While this is yet another sweet example of Jewish geography, it’s the next sentence that truly resonated with me. “[The Benjy Koslow connection is] a small coincidence, but one that makes this feel, in some way, like a conversation between generations as opposed to a traditional review of mine. In some ways, I hope this essay is taken more as a letter from a young … aspiring writer to someone with far greater experience than myself.”

Bingo. That’s how I often feel with my young friends; we speak across generations. Thus, an essential part of our intergenerational relationships, one that makes them different from the many enduring friendships I have that date back decades, is that each of us is learning something that can be imparted only by someone whose experiences are, by definition, different. And how so very special that is.

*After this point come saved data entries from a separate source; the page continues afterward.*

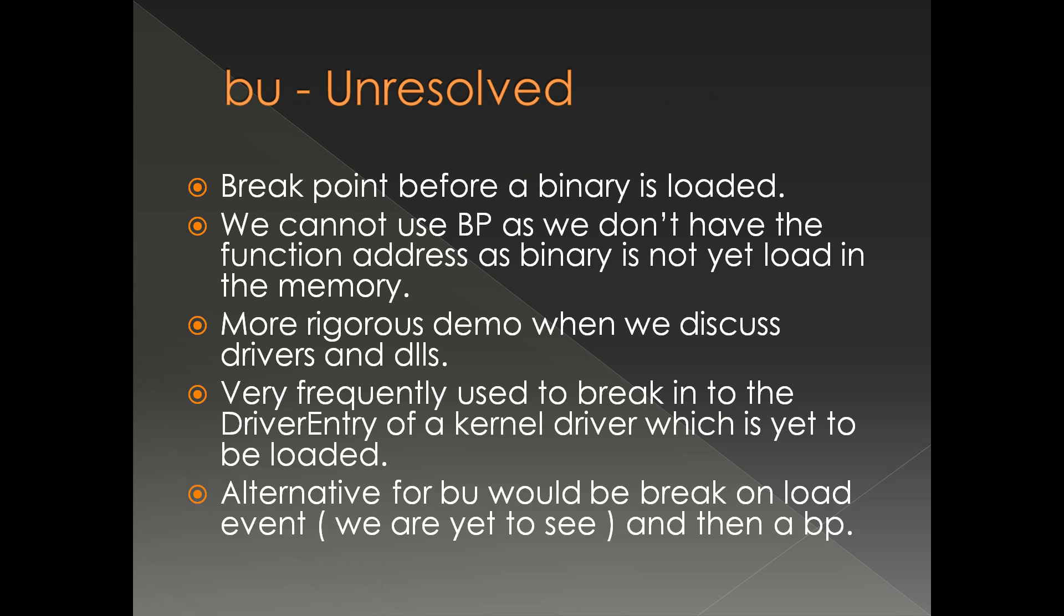Although BP works by falling back to BU or deferred breakpoint, this technique is frequently used to break into the driver entry of a kernel driver or the DLL main of a DLL.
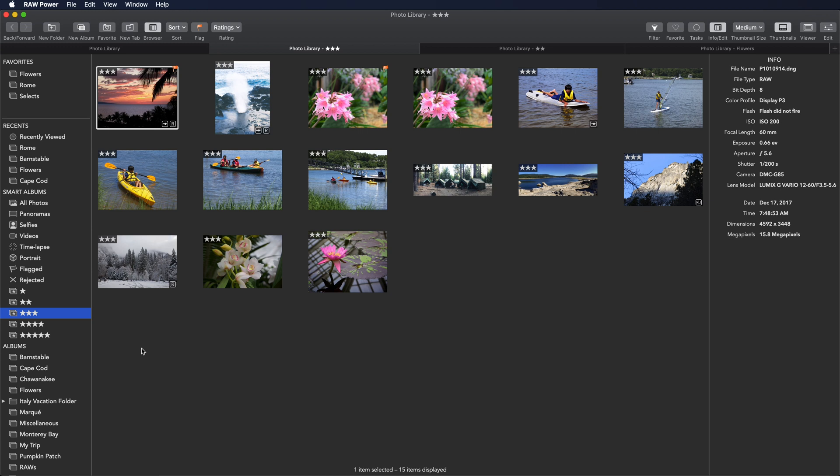As you can see here, these are all albums, flagged, rejected, and the five stars. These are actual Photos Library albums. Changes that you make to ratings are actually changing an album, and those are automatically updated in Photos.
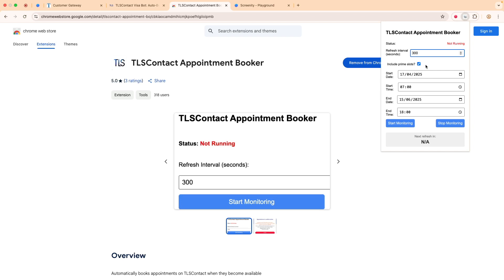It gives you the option to opt in or opt out of prime slots. Prime slots cost more, so some people prefer not to pay more than the standard slots — in which case you just untick this. Otherwise you keep it ticked, so you have a higher chance of getting your slots.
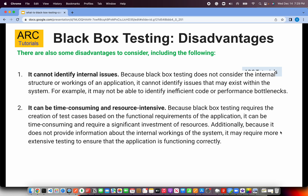Now let's talk about the disadvantages of black box testing. First, it cannot identify internal issues. Many times in a career as a lead, the application does what it's supposed to do but it's slow or taking too much time. Those things add up to a bad experience, and they are mostly because of the quality of code or how the architecture is designed and how interfaces are talking to each other. Functional testing cannot really identify internal issues, which becomes a pain when you have performance, loading, or security issues.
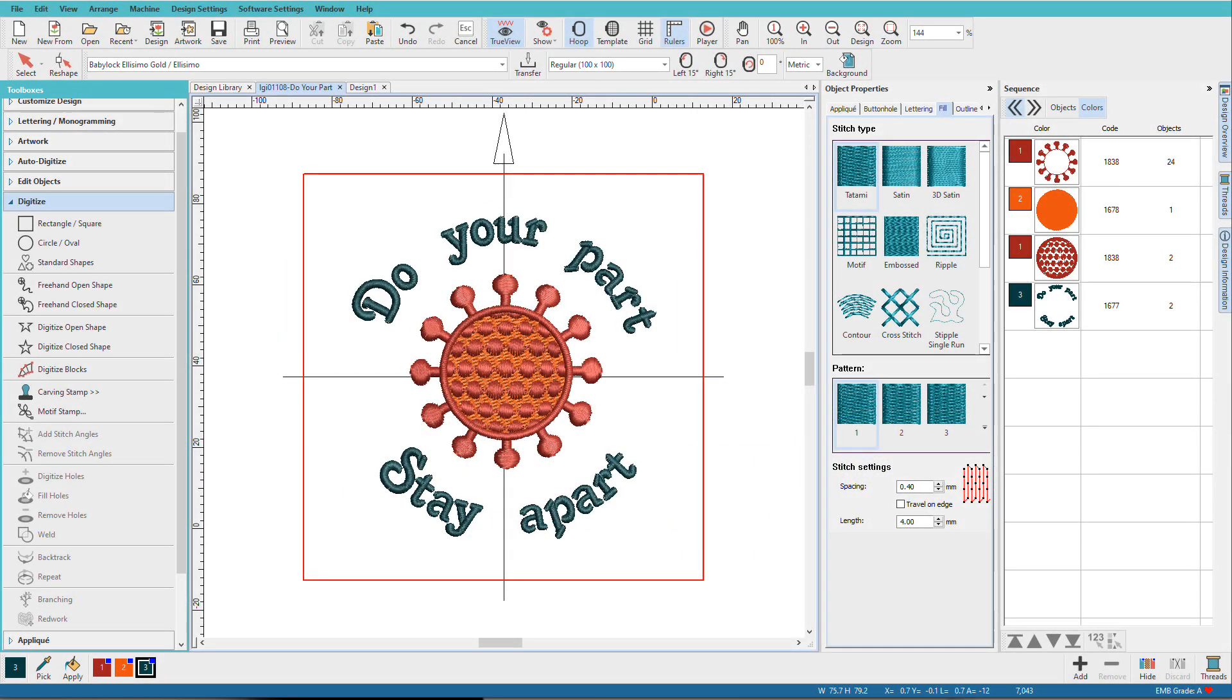Hi there, Lindy Goodall here. In this video, I'll show you how to recreate this stylized COVID-19 design without using any artwork.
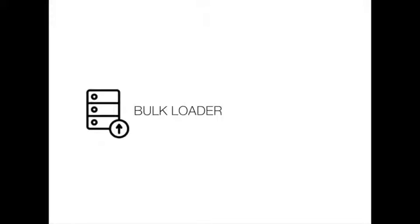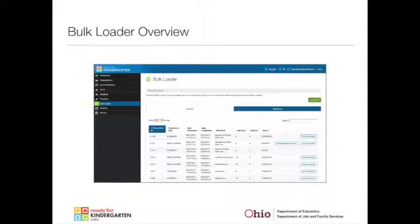So let's take a closer look at the bulk loader. When the bulk loader page opens, you see the Uploads tab that appears first.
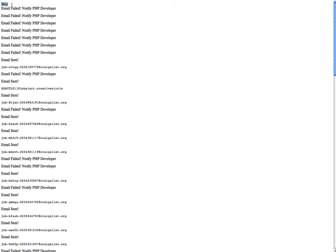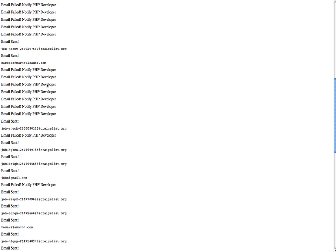And this skip up here means that I found an email that was consistent with the string webmaster at craigslist.org. You don't want to send your resume to webmaster at craigslist.org unless you're applying for craigslist. So I decided to skip emails that had that string in there.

I concluded my book by noting that I cannot expect my readers to “agree with all, or even many, of my opinions. I do hope, however, that they enjoyed taking this journey with me.” Steve concluded his perhaps overly generous review by quoting my conclusion and noting: “I not only enjoyed the journey and agreed with many opinions, but also found what I can only describe as personal inspiration in his writing.”

What I trust Steve realizes, though, is how I – in making new young friends, talking to them, and listening to their ideas and opinions – am constantly inspired by the fact that there is a younger generation that is following in the footsteps of those who preceded them and who inspired me; a younger generation that, standing on the shoulders of these giants, is taking on leadership roles that will benefit both our narrow community and our broader world.

Inspiring indeed.

Joseph C. Kaplan, a retired lawyer, longtime Teaneck resident, and regular columnist for the Jewish Standard and the New Jersey Jewish News, is the author of “A Passionate Writing Life: From ‘In my Opinion’ to ‘I’ve Been Thinking’” (available at Teaneck’s Judaica House). He and his wife, Sharon, have been blessed with four wonderful daughters and five delicious grandchildren.